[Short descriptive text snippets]
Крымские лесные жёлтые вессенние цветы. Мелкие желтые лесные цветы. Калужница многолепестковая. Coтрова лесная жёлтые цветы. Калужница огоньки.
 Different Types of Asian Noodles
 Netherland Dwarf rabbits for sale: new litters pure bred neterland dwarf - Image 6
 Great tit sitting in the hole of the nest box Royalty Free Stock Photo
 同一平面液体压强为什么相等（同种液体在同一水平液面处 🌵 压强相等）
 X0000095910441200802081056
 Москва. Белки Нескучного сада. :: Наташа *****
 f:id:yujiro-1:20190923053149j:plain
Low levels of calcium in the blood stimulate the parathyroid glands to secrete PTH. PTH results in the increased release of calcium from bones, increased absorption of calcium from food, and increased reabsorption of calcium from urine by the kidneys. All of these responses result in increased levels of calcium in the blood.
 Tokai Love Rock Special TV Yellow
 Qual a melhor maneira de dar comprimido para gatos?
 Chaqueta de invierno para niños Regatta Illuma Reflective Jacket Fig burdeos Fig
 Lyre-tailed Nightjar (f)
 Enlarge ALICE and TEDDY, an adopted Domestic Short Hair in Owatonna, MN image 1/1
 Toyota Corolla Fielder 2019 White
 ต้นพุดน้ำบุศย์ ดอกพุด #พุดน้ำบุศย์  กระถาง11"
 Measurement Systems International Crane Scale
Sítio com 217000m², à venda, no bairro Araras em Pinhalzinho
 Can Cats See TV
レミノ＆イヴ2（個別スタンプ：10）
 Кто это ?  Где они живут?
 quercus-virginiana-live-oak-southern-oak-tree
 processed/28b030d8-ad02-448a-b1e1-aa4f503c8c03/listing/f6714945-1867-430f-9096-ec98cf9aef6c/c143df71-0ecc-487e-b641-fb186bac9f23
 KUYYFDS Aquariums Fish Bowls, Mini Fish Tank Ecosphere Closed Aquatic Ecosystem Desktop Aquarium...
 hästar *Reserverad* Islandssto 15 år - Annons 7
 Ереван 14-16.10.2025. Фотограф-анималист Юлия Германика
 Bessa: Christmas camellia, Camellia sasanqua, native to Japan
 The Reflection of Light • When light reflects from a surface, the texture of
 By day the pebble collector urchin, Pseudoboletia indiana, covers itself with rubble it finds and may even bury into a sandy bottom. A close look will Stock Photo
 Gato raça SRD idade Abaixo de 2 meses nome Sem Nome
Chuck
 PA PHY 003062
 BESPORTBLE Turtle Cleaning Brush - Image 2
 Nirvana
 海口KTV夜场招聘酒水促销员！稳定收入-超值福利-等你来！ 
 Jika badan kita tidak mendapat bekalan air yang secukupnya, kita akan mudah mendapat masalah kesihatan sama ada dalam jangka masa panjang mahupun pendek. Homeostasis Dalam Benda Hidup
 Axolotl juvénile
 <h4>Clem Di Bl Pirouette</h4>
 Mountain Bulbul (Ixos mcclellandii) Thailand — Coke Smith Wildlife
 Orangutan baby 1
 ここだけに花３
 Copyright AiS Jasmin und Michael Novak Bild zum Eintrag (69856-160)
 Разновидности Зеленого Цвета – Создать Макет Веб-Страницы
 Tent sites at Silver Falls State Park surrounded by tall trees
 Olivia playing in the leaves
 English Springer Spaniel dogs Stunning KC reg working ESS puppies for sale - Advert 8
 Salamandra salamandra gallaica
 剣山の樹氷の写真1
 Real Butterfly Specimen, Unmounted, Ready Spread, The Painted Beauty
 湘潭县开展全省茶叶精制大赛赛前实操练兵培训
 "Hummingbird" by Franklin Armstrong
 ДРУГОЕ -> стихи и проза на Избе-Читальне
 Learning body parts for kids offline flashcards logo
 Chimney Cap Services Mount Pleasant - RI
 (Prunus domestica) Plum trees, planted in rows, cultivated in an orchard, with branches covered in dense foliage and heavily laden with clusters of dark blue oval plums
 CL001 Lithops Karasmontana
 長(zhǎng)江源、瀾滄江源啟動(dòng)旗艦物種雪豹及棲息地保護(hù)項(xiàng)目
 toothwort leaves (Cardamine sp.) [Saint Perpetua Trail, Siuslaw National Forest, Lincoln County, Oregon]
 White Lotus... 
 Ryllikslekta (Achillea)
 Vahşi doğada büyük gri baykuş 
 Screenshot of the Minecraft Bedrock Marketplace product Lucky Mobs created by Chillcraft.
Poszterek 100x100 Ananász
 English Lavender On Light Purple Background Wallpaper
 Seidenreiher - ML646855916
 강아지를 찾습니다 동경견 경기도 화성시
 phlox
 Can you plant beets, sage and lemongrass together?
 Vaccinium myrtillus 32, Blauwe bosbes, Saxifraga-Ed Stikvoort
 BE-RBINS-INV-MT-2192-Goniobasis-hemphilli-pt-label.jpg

:: Assignment ::
Your task is to retype the entries verbatim, starting with the line that holds "Salamandra salamandra gallaica" and stopping after the line that holds "Chimney Cap Services Mount Pleasant - RI".

:: Your response ::
 Salamandra salamandra gallaica
 剣山の樹氷の写真1
 Real Butterfly Specimen, Unmounted, Ready Spread, The Painted Beauty
 湘潭县开展全省茶叶精制大赛赛前实操练兵培训
 "Hummingbird" by Franklin Armstrong
 ДРУГОЕ -> стихи и проза на Избе-Читальне
 Learning body parts for kids offline flashcards logo
 Chimney Cap Services Mount Pleasant - RI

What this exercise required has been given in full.